Drake nodded once, his face tightly pinched with the pain inside of him.

And my heart broke a thousand times over then for what David had done to her. “Did she know? Did Morg know?”

“No.”

“So Safia threatened to kill her own granddaughter if you refused to help resurrect Anandene?”

He nodded again.

“Oh my God!” I covered my mouth, and Dad’s theory about Safia and her blood sacrifice fell away for a new one. “Is that why you really killed the children—she told you to avenge her granddaughter?”

“I wish it were so. I wish with all my heart that it had been an order, but it was a choice.”

“Explain it to me.” I looked right into his blue eyes, vibrant even in the dark. “I know there’s more to it. I need to understand.”

“It was not for revenge. It looked that way, but I was coming to kill them anyway.”

“Why?”

“It was the lesser of evils, Amara.
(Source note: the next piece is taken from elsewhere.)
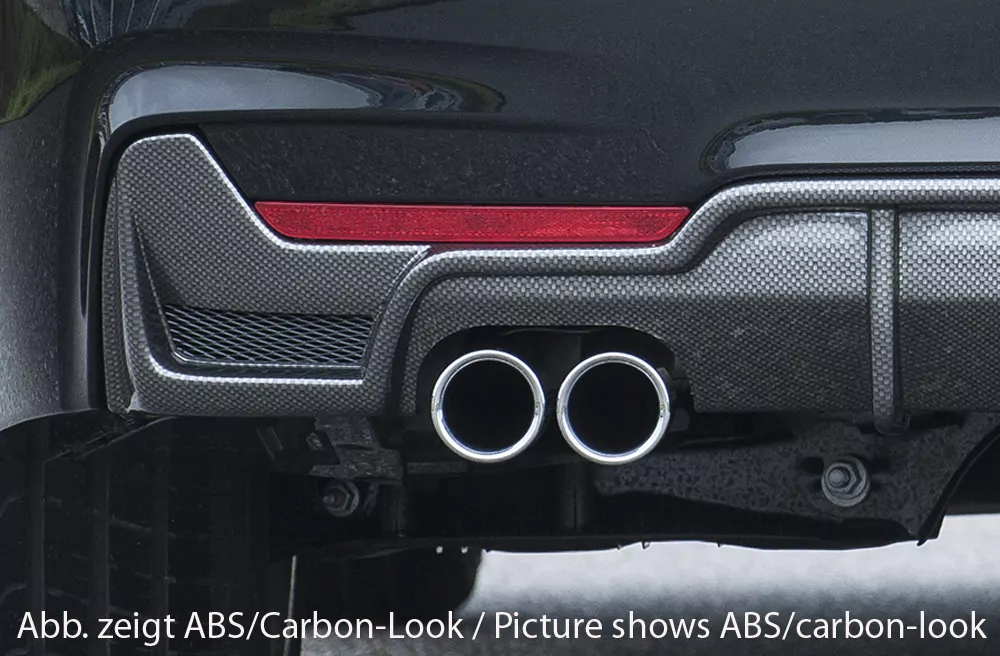 Rieger Heckeinsatz Carbon für BMW 4er F33  (3C) | Cabrio 03.13-06.15 (bis Facelift) nur für M-Paket-Heckschürze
Twelve had to die, and those children did not have parents to love them yet and so, would not cause as much harm to a heart as the loss of a child a woman had held to her breast.”

“But
I
loved them!”

“And yet you see my reasoning.”

My eyes drifted slowly away from his.

“I have taken many young lives in my time under Safia’s thumb, and I could bear it no more.”

“So it’s true—she needed their blood for her immortality.”

His eyes shrunk as he studied me. “How could you know that?”

“Like I said, Dad came to see me.”

He nodded in understanding. “Amara, I need to tell you something, and it will hurt. And it will scare you. But I want you to promise me you will listen—until I finish.”

“I promise,” I said with a very uncertain nod.

“I know about the child.” He bowed his head, motioning to my belly. “I know that she is soulless.”

My blood ran cold. “And yet you don’t plan to take my soul and put it in her body, do you?”

He shook his head. “I have fought a secret war all this time to see that Anandene never returns. But I almost lost the battle when Safia saw to your timely return to America that year—”


Safia
?” I shook my head at him. “That was you! You killed my mum and Harry. You forced me back into the guardianship of my father—”

“No. You had to
believe
it was me, so you would not dig any further. What you know already about that witch puts
everything
I’ve worked for at risk.”

“What do you mean?”

“To stop this madness—the resurrection of Anandene, the deaths of all my sister’s daughters—I must continually prove my dedication to Safia and our cause. She must trust me. I need time and I need to be able to get close to her when I find a way to kill her.”

“Why not just stop giving her the blood of children?”

“If it were that simple, I would. But without that blood she would not die. She would merely age, and I know from previous experience that it will not stop her or slow her down; it will only enrage her.” His tone carried a hundred sad stories under it, and I got the sense that he’d learned that lesson the hard way.

“So what keeps her alive then—if not the blood?”

“I have read every book, studied every spell, tried every toxin, and I have not found a way to either kill her or break what spell holds her here.” He lowered his head. “I am ashamed to say I do not know. However, there may be a way to stop her. And—” He looked down at my hand and then reached out for it, his shoulders dropping when I refused. “I may not see you again after the battle at Loslilian.”

“Why?”

“I feel the time has come to sacrifice myself for the greater good of those I love.”